12 abril 2006

Paranóia (3)

Desta vez fui eu a vítima contrariada da câmara de outros, uma câmara escondida numa carrinha preta de vidros negros, enquanto um rapaz jovial me interceptava no passeio: "A Gronelândia fica no hemistério norte ou no hemisfério sul?" - "No hemisférico norte, porquê?", perguntei eu, sem qualquer suspeita. "Acertou, obrigado por estar desprevenida", diz ele e dá-me 10 euros de prémio e afasta-se. Chamo-o: olhe, não quero os 10 euros, tome lá. E ele fingindo ignorar-me, ao fim de algumas insistências, lá me vem dizer que é para um programa da SIC. A parte cómica do "apanhado" é aquela em que recuso a nota e faço de parva, não a da pergunta inicial, apesar desta jogar com a minha inocência.
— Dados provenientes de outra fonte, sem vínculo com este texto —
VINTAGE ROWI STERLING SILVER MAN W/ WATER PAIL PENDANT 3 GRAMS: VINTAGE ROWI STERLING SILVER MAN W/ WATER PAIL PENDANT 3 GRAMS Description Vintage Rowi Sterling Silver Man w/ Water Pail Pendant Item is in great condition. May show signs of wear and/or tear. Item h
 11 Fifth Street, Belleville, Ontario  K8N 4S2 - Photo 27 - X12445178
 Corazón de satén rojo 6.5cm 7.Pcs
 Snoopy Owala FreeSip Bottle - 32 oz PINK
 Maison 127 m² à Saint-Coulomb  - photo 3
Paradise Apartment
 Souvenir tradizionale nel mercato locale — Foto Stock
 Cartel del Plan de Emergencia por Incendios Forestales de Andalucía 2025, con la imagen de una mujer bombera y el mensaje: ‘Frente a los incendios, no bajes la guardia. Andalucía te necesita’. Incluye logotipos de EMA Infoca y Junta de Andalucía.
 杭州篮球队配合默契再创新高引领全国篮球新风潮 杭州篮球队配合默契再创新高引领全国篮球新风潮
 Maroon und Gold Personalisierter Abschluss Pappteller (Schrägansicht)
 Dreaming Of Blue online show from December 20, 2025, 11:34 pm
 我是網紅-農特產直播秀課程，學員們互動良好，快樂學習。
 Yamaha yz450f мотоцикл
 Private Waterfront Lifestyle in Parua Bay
Depois aparece o "produtor" com um papel para eu assinar a autorização. "Olhe que ficou muito bem, não tem mal nenhum, nunca viu o programa?" Não vi de facto, nem assino, nem explico porquê. Há muitos anos que tenho a certeza de que não colaborarei num desses programas. Apesar de, no fundo, lhes achar tanta graça como toda a gente e de lhes reconhecer até um mérito raro: a capacidade para desmanchar o senso comum, a possibilidade de escalpelizar uma série de comportamentos-padrão, uma forma de diagnóstico cultural que nenhum outro meio obtém. Mas não consigo evitar a repugnância pelo método e o efeito de risada alarve que se sobrepõe à perplexidade latente. A carrinha negra (que por falta de presença de espírito não fotografei), essa então, acho sinistra.